Here is the XML Mapping from the two examples i've mentioned
This is how I found the data in the XML structure for the 2 examples I mentioned earlier
Word file containing a table with data pasted as values
body, p, r (to reveal column 't' which contains the values from the table)
Word file containing table with data pasted with 'keep source formatting'
body, tbl, tr, tc, p, r (to reveal column 't' with the values from the table)
Even with these caveats, this process is one that demonstrates some of the potential of Power Query when combined with some creative manipulation of source data.
Warning! This method will make the file unopenable in Word, I'd suggest making a copy of the file and working with the copy.

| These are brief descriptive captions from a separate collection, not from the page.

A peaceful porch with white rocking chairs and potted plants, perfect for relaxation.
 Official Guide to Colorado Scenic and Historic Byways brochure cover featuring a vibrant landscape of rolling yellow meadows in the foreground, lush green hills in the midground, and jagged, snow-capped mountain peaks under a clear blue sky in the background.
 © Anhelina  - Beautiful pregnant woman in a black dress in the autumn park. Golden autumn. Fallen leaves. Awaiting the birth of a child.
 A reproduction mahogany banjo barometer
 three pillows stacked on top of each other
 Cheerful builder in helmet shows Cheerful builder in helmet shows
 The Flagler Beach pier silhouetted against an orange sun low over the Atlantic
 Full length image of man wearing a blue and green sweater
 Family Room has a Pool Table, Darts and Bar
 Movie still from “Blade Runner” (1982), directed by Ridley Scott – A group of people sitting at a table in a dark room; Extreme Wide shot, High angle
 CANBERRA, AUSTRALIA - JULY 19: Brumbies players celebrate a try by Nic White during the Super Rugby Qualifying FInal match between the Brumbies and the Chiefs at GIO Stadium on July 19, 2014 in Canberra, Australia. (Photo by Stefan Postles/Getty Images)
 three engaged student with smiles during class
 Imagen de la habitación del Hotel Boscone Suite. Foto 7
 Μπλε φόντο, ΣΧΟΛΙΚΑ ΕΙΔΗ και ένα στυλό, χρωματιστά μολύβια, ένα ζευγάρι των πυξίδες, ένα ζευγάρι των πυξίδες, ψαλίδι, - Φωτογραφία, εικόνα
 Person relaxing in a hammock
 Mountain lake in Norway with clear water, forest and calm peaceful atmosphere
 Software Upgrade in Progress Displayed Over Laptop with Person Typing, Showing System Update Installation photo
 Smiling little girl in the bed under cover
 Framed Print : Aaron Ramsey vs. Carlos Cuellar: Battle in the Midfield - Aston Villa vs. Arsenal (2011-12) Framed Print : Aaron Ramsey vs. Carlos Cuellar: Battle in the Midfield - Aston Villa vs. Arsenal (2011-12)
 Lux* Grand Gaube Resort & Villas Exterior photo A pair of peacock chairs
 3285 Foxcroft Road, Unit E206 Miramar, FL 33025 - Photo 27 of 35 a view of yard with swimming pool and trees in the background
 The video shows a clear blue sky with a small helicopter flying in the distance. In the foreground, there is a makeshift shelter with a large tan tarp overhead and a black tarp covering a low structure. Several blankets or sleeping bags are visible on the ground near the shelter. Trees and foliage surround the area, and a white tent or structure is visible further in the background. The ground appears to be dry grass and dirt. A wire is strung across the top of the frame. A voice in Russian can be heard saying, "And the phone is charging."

I must give a nod to Matt Allington who documented a similar process with PDF files https://exceleratorbi.com.au/import-tabular-data-pdf-using-power-query/ which possibly had some influence in Microsoft providing a PDF connector into Power Query in 2019. I would assume that the demand for a Word connector would be significant so I expect this article to have a limited lifespan.
The M code from these queries is at the bottom of this article.
The manual steps
- In windows Explorer, change the file extension from .docx to .zip and then extract (unzip) the file to a new folder. This will create a folder with the following data within it
- In the 'word' folder there will be additional items, if you look at it you'll notice the 'document.xml' file is larger than the other files. This is the file we're interested in
Connecting Power Query to the document.xml file
In Power Query, use the 'new source, more' option to display the available connectors
Select the XML option, navigate to the 'document.xml' file and select it. Then you'll be presented with the navigator window which can be used to load only portions of the file. See the comment earlier about the XML location in the file. In this example, the data in the Word file has been pasted as values so I'll need the following selection.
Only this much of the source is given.